6 Replies Latest reply on Sep 2, 2011 4:41 PM by MicahVillmow

    Is it possible for the host to read/write a buffer written/read by the GPU kernel while the kernel is running?

    maelteir

      Hi all,

      I am trying to write a code that needs collaboration between the host and device. Specifically:

      1- The device sets a variable X to a non-zero value and waits for Y to be non-zero.

      2- The host reads X, when it becomes non-zero, it sets Y to non-zero value.

      Below is the code running on the GPU and CPU.

      This code hangs, so I assume that reading and writing by the host to variables manipulated by the GPU kernel is not possible while the kernel is running. Is that true?

       

      Thank you.

      -------------------- GPU kernel code -------------------- int tid = get_global_id(0); Y[tid]=0; X[tid]=tid; while (1) { if ( Y[tid] > 0 ) break; } ----------- CPU code ----------- for (int i=0; i< numThreads; i++) Y[i]=0; count=0; while (1) { clEnqueueReadBuffer(...,X,....) for (int i=0; i< numThreads; i++) { if ( Y[i] == 0) { if (X[i] > 0) { Y[i]=1; count++; } } if (count > 0 ) clEnqueueWriteBuffer(...,Y,....) if (count == numThreads) break; //All threads are done }

        • Is it possible for the host to read/write a buffer written/read by the GPU kernel while the kernel is running?
          notzed

          Not the way you've done it, and i doubt it's possible (at least, not portably), I'd also question if it were even desirable.

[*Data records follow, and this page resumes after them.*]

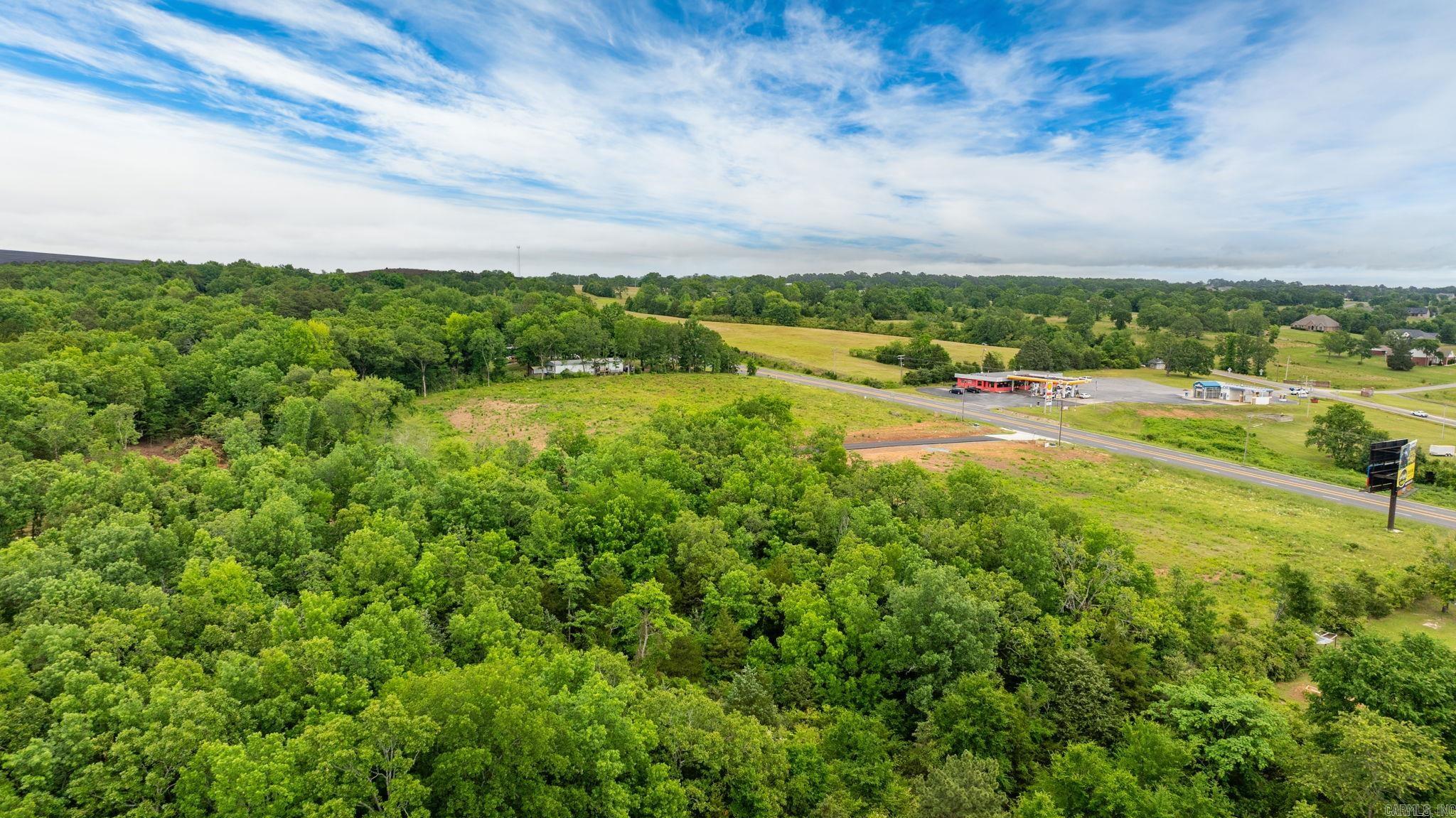 ULES WATSON PLACE - Commercial Sale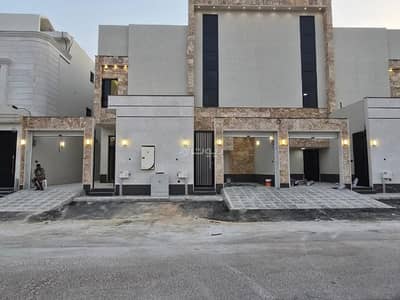 4 Bedroom Floor for Sale in East Riyadh, Riyadh - For sale, a townhouse lot in Al-Qadisiyyah neighborhood, east of Riyadh.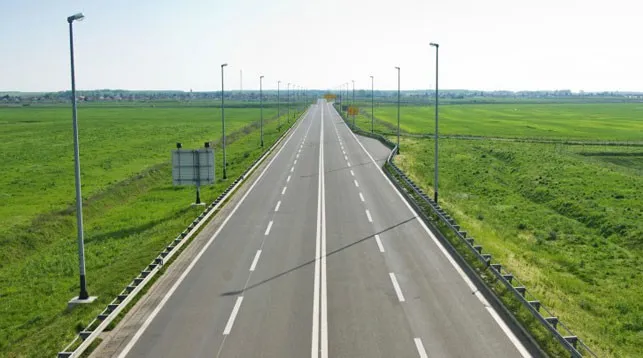 Движение по четырем полосам на трассе М6 будет открыто до конца года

          The memory model allows that Y[tid] to be cached in a register for the whole run of the kernel.  Even with a global barrier() and persumably making it volatile, it could be cached in the local work-group multi-processor (MP) (my reading of section 3.3.1 of the spec).

          Atomic functions are multi-MP coherent, but I don't know if that extends to device memory writes from the host.

          Not sure about aync_workgroup_copy() either.

          Also queues by default (and all implementations?) are in-order, so you couldn't invoke a kernel and then a memory copy - the memory copy will (appear to) wait till the kernel is done before executing.  Although you could try multiple queues.

          The whole design looks very suspect to start with - why have 1 thread on the cpu perform per-thread dispatch decisions when there's  potentially thousands of threads on the other end that can make the decision without an extremely expensive synchronisation every iteration.